Cuando llegó el momento de las escuelas, muchos niños aprendieron (aprendimos) a sentarnos erguidos, a que no se nos note nada ante la autoridad implacable del profesor. La letra debe ir armónica en su dibujo, redondeando y estirando los trazos para que quepa en el renglón. Los distraídos, fueron, son, castigados con alguna repetición para grabarse la lección, la atención, la tarea, el deber. Las universidades enseñan aún a respetar y honrar el saber. Un profesional debe mostrarse serio ante los demás para ser respetado; un profesor que ríe es un profesor que no sabe enseñar: pierde la claridad, la materia, el respeto de sus discípulos. Los jefes deben hacer esfuerzos por no demostrar emociones ante sus subalternos, si no quedan estancados en ese espacio de allí abajo, pues las alturas no se recuperan si hay debilidad. Y si hay humor, qué va, demasiada distensión y mucha distracción que redunda en poca productividad. El ensamblador aprende a no perder un centímetro de estrés, porque toda una cadena productiva depende de ese malestar constante que se llama proactividad.

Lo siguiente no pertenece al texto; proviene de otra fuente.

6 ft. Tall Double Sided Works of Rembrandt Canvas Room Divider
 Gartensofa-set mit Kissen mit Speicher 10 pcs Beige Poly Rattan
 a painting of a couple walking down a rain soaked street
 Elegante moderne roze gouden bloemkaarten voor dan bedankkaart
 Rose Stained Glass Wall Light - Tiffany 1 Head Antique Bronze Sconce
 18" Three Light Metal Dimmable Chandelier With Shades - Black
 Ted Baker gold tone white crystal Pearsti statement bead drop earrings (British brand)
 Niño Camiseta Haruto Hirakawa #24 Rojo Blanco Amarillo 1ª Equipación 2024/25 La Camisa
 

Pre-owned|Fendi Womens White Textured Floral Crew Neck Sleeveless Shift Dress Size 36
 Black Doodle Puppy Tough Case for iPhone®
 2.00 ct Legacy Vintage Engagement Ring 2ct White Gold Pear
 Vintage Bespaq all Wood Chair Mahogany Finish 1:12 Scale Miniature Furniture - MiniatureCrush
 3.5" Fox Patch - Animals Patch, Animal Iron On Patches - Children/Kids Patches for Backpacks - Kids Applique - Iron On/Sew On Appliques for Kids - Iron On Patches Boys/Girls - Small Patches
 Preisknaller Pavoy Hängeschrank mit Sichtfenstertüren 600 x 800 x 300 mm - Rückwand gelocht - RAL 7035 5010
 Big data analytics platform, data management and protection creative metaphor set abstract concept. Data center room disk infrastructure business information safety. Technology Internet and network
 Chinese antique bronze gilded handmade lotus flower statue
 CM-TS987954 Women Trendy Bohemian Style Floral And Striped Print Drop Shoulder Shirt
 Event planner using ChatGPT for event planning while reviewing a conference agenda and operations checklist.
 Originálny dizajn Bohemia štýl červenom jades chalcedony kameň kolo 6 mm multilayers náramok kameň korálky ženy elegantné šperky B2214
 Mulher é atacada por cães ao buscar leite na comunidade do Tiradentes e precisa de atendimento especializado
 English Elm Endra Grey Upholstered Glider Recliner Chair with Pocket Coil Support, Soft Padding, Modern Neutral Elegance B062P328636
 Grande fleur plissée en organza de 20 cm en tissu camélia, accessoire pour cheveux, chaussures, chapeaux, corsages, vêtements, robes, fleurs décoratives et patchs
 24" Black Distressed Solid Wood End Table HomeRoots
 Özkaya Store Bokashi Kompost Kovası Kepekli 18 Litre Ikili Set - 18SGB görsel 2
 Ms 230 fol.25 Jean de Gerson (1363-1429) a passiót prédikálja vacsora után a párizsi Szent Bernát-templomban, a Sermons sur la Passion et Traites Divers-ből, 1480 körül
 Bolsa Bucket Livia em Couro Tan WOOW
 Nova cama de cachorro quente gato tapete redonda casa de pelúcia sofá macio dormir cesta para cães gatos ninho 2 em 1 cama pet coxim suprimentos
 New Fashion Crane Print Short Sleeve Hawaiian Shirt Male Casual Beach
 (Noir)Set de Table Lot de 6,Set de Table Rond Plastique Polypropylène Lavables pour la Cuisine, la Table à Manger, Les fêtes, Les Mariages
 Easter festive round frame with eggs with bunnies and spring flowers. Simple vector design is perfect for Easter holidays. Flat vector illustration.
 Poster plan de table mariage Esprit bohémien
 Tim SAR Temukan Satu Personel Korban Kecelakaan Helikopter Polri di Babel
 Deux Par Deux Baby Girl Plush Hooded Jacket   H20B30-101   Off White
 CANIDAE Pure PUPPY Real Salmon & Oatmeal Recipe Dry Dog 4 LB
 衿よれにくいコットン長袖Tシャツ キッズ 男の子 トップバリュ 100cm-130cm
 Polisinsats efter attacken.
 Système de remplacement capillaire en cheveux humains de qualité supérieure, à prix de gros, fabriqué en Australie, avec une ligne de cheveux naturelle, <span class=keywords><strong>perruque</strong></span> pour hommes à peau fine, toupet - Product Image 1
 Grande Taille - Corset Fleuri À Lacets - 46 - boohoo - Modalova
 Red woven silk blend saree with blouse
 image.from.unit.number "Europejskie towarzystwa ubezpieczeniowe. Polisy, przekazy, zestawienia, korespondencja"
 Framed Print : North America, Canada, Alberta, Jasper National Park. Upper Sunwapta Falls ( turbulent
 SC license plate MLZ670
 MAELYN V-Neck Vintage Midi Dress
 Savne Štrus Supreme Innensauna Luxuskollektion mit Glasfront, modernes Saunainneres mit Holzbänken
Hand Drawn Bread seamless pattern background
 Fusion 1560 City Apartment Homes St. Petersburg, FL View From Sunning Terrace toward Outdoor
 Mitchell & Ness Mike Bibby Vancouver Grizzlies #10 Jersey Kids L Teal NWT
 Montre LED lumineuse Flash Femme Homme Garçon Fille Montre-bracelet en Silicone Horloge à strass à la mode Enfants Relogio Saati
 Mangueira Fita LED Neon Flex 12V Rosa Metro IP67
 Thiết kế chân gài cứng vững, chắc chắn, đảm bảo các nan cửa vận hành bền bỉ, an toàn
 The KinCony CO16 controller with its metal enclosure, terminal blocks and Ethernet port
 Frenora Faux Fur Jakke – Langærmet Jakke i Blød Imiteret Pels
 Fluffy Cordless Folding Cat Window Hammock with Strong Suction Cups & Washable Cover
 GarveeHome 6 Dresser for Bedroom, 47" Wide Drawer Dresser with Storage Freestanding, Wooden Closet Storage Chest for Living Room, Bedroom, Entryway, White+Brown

Y ahí están los terapeutas, haciendo ganancias en las empresas vanguardistas que dan talleres de risa para distender a sus empleados. Y los terapeutas que abren, generosos, sus consultorios para que podamos, por fin, llorar, descargar,  sacar, desahogar, vaciar. Pero también están ahí los artistas que entienden que la alegría también puede ser creación. Y los que leen y escuchan y observan con una sonrisa de costado o con el osado afán de una risa abierta de mandíbulas, aprendiendo del placer. Sienten. Se animan. Lo consiguen. Se plantan en el cuerpo, con los placeres y las ideas. No son héroes, o quizás lo sean en su particular modo de entender sus vidas; sin pudor a ser felices, se equivocan y no se mueren: se ríen.